DLR-RM / stable-baselines3

PyTorch version of Stable Baselines, reliable implementations of reinforcement learning algorithms.
https://stable-baselines3.readthedocs.io
MIT License
8.84k stars 1.68k forks source link

[Question] Why resample SDE noise matrices in PPO optimzation? #1929

Closed brn-dev closed 3 months ago

brn-dev commented 4 months ago

❓ Question

I'm currently implementing a personal RL library and use SB3 as inspiration. I have recently implemented SDE and I'm confused about line 214/215 in your implementation of PPO. Here, the SDE noise matrices are resampled before each PPO update but as far as I have seen, this doesn't do anything since the noise matrices are not used during the PPO updates, only during exploration. Let me elaborate:

In ppo train, we reset the noise matrices and then call evaluate_actions afterwards: https://github.com/DLR-RM/stable-baselines3/blob/6c00565778e5815e4589afc7499aafbd020535ae/stable_baselines3/ppo/ppo.py#L214-L217

reset_noise, which just calls sample_weights, does not cause any state changes except for the exploration matrices https://github.com/DLR-RM/stable-baselines3/blob/6c00565778e5815e4589afc7499aafbd020535ae/stable_baselines3/common/distributions.py#L499-L512

The exploration matrices are only used in get_noise which is in turn only used in sample https://github.com/DLR-RM/stable-baselines3/blob/6c00565778e5815e4589afc7499aafbd020535ae/stable_baselines3/common/distributions.py#L593-L603 https://github.com/DLR-RM/stable-baselines3/blob/6c00565778e5815e4589afc7499aafbd020535ae/stable_baselines3/common/distributions.py#L580-L585

However, evaluate_actions does not call sample() https://github.com/DLR-RM/stable-baselines3/blob/6c00565778e5815e4589afc7499aafbd020535ae/stable_baselines3/common/policies.py#L719-L741

So in conclusion, the reset_noise call in the ppo train function is useless isn't it?

Checklist

araffin commented 4 months ago

Hello, thanks for the question. You should not need indeed to re-sample the noise, but if you comment it out, it will throw an error if I remember correctly. Back then (4 years ago), I didn't have too much time to investigate why, and re-sampling was a good enough solution. So, if you comment it out and it works now, I would be happy to receive a PR =) if it doesn't work and you find out why, I'm also happy to hear the answer ;)

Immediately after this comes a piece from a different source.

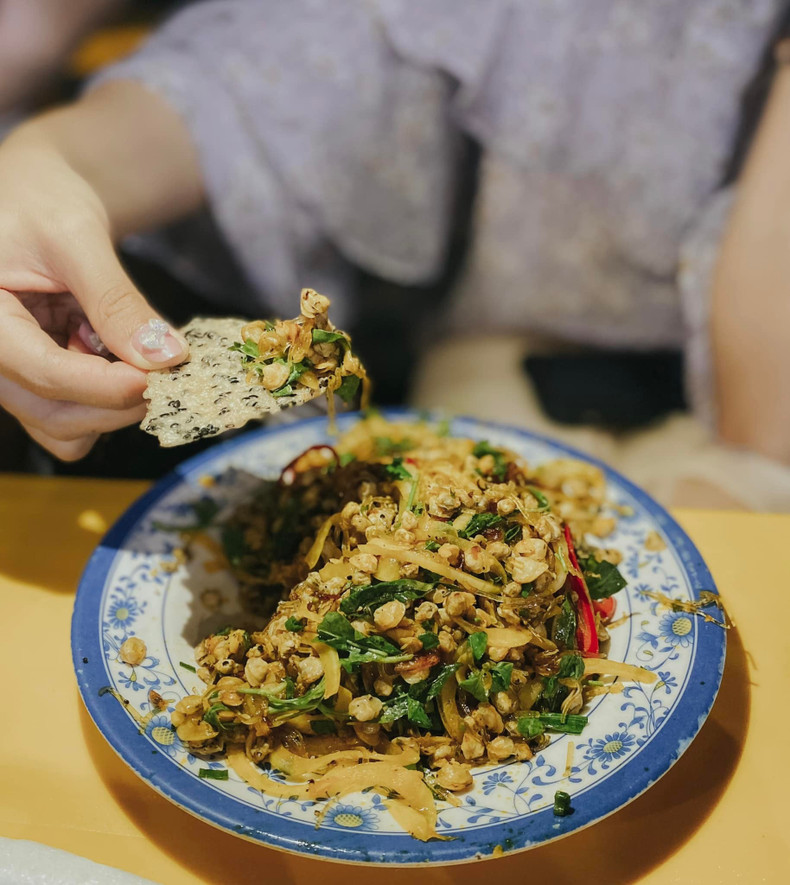 Torta de arroz con mejillones. Torta de arroz con mejillones.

brn-dev commented 4 months ago

After removing the reset_noise call, I tested it on the half-cheetah env and it worked without any errors. PR: https://github.com/DLR-RM/stable-baselines3/pull/1933

image image

araffin commented 4 months ago

After removing the reset_noise call, I tested it on the half-cheetah env

looking at the std value, it doesn't seem you were using gSDE, but I could try with python3 -m rl_zoo3.train --algo ppo --env HalfCheetahBulletEnv-v0 -n 20000 --seed 2 -param n_epochs:5 (bullet env) and it does work indeed.

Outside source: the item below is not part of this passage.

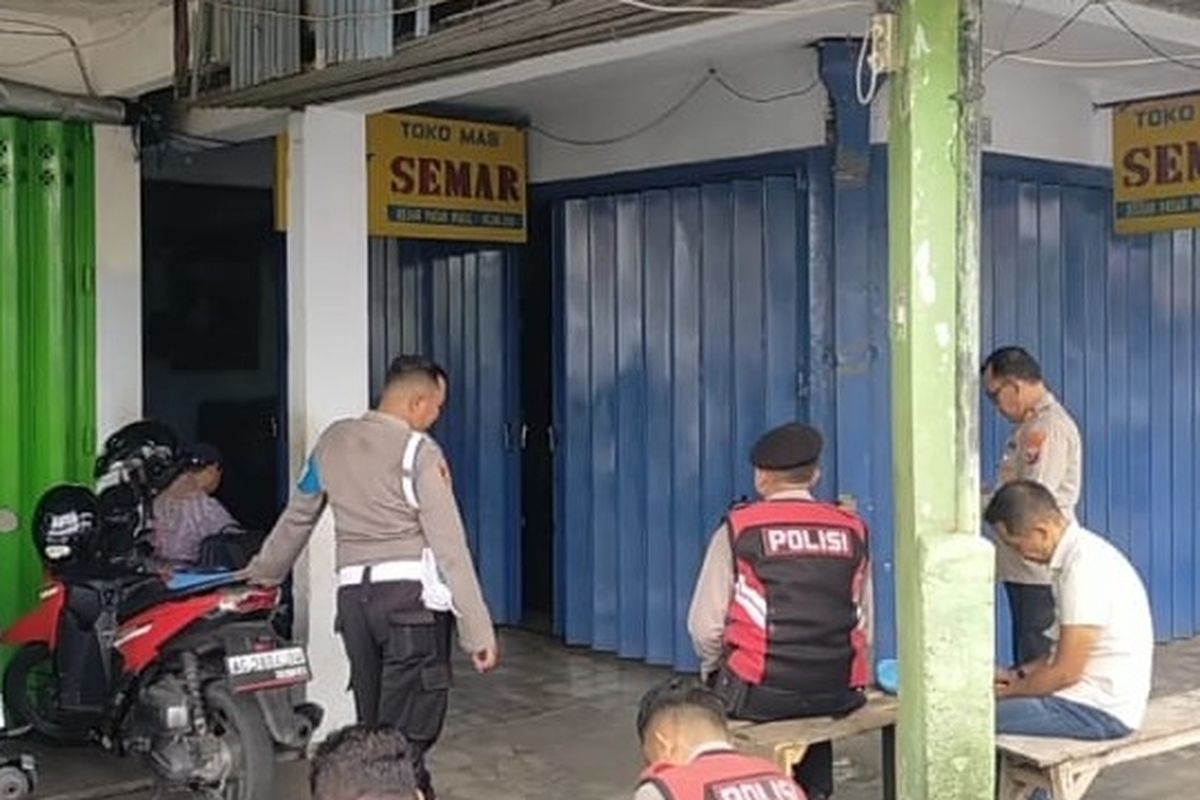 Emas, emas ilegal, Nganjuk, Surabaya, Bareskrim Polri, Bareskrim Geledah Toko Emas Semar Nganjuk dan Rumah di Surabaya, Terkait Kasus TPPU Rp 25,8 Triliun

brn-dev commented 4 months ago

image

The currently published version does give me a std of a little less than 1.0 consitently with sde enabled

from stable_baselines3 import PPO
from stable_baselines3.common.env_util import make_vec_env

# Parallel environments
vec_env = make_vec_env("HalfCheetah-v4", n_envs=4)

model = PPO("MlpPolicy", vec_env, use_sde=True, sde_sample_freq=10, verbose=2)
model.learn(total_timesteps=250000)
model.save("ppo_cartpole")

del model # remove to demonstrate saving and loading

model = PPO.load("ppo_cartpole")

obs = vec_env.reset()
while True:
    action, _states = model.predict(obs)
    obs, rewards, dones, info = vec_env.step(action)
    vec_env.render("human")